• _RECORD EXCERPTS_:

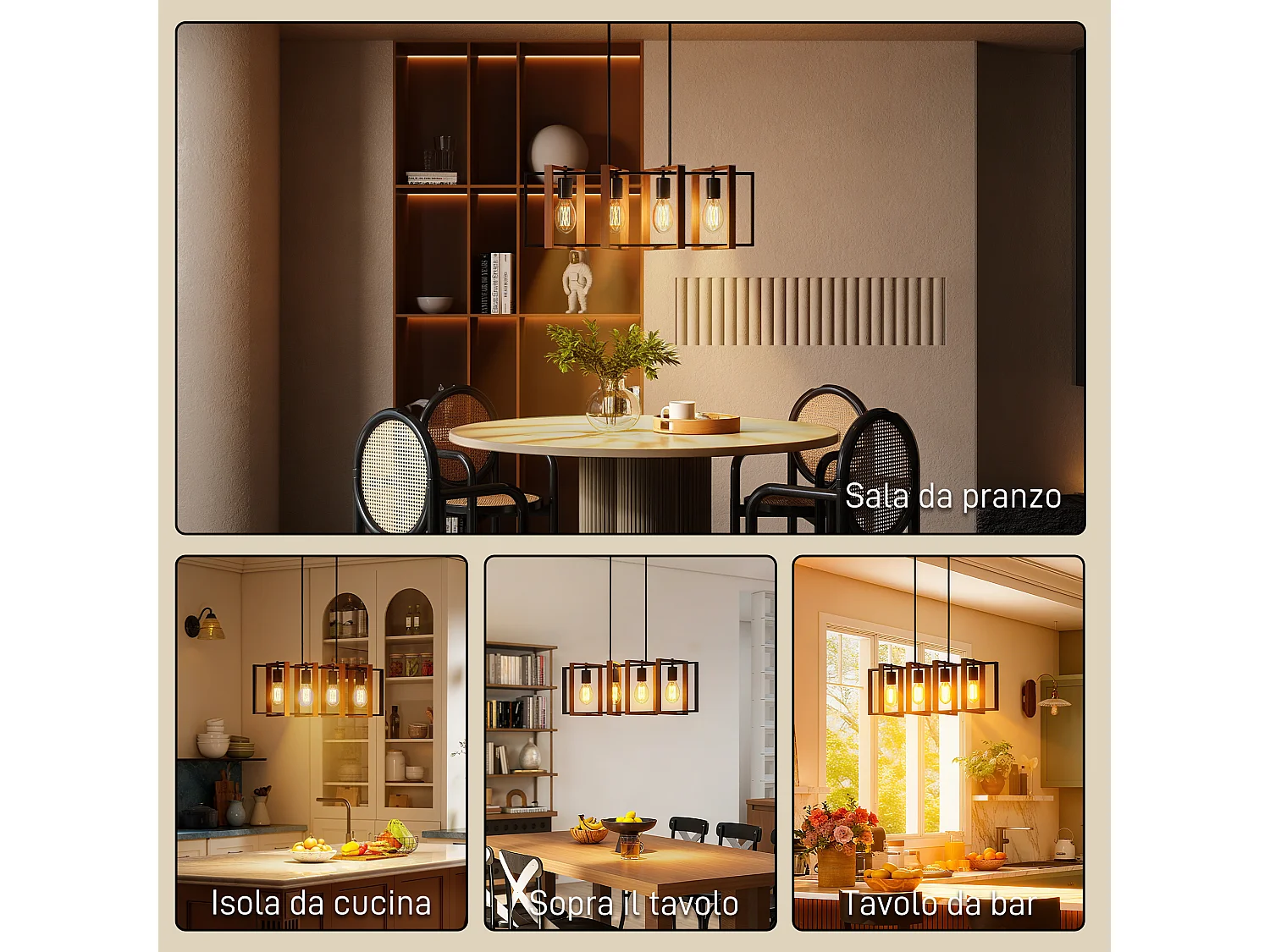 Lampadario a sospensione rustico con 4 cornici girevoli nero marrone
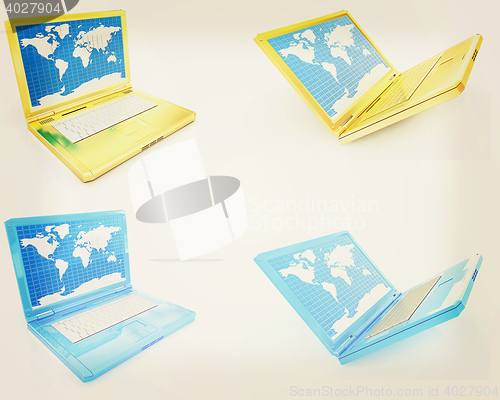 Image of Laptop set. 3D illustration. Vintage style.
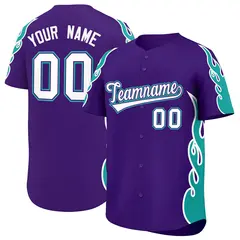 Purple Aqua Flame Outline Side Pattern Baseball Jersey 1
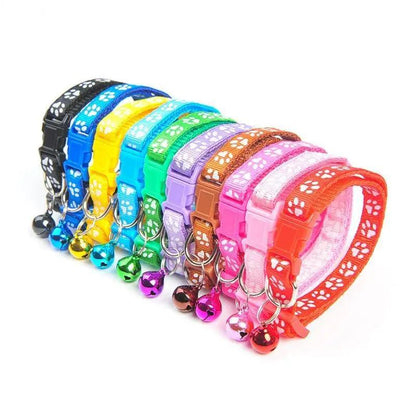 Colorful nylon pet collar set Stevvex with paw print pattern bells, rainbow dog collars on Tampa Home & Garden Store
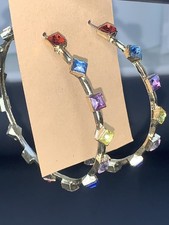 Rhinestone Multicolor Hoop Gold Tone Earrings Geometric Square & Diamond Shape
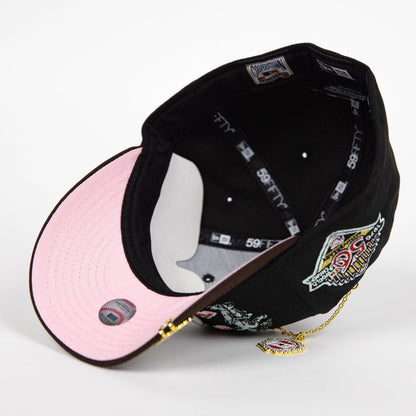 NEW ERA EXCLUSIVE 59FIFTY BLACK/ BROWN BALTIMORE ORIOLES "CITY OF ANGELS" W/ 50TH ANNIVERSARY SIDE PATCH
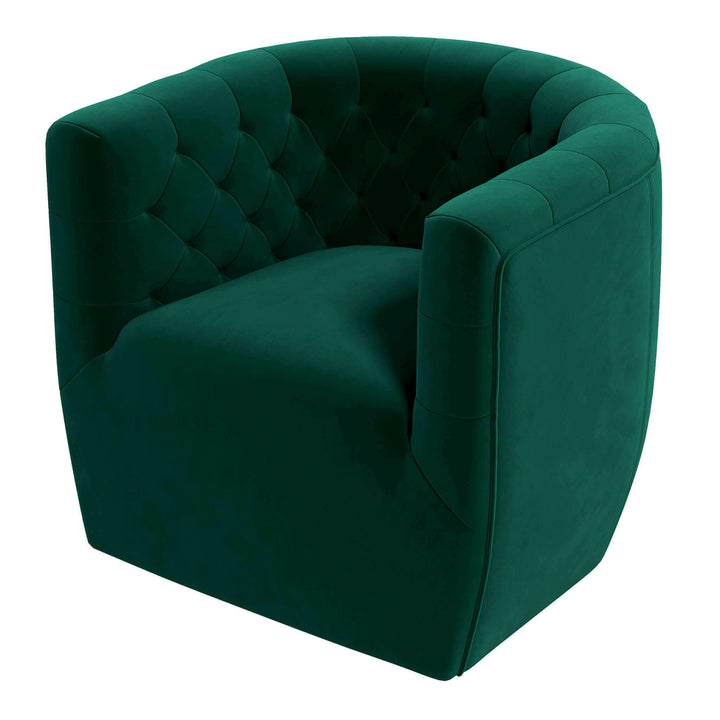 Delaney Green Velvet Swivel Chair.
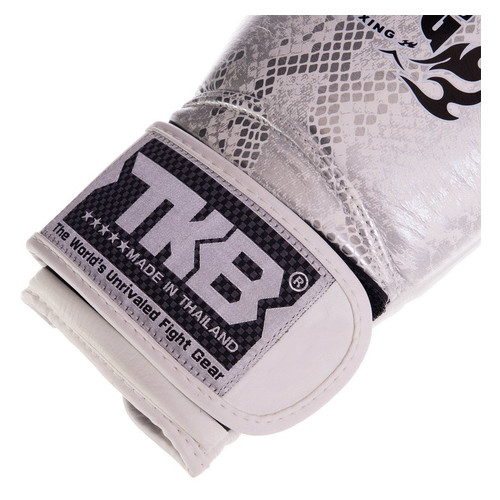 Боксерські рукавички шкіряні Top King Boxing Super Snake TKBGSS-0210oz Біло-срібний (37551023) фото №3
* * *
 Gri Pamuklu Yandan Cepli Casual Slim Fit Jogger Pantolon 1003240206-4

• _INSTRUCTIONS TO FOLLOW_:
In the listing above, find the line containing "Lampadario a sospensione" and the line containing "Боксерські рукавички шкіряні", then return both of them and every line between, exactly, without pictures.

• _SOLUTION FOR THIS TASK_:
 Lampadario a sospensione rustico con 4 cornici girevoli nero marrone
 Image of Laptop set. 3D illustration. Vintage style.
 Purple Aqua Flame Outline Side Pattern Baseball Jersey 1
 Colorful nylon pet collar set Stevvex with paw print pattern bells, rainbow dog collars on Tampa Home & Garden Store
 Rhinestone Multicolor Hoop Gold Tone Earrings Geometric Square & Diamond Shape
 NEW ERA EXCLUSIVE 59FIFTY BLACK/ BROWN BALTIMORE ORIOLES "CITY OF ANGELS" W/ 50TH ANNIVERSARY SIDE PATCH
 Delaney Green Velvet Swivel Chair.
 Боксерські рукавички шкіряні Top King Boxing Super Snake TKBGSS-0210oz Біло-срібний (37551023) фото №3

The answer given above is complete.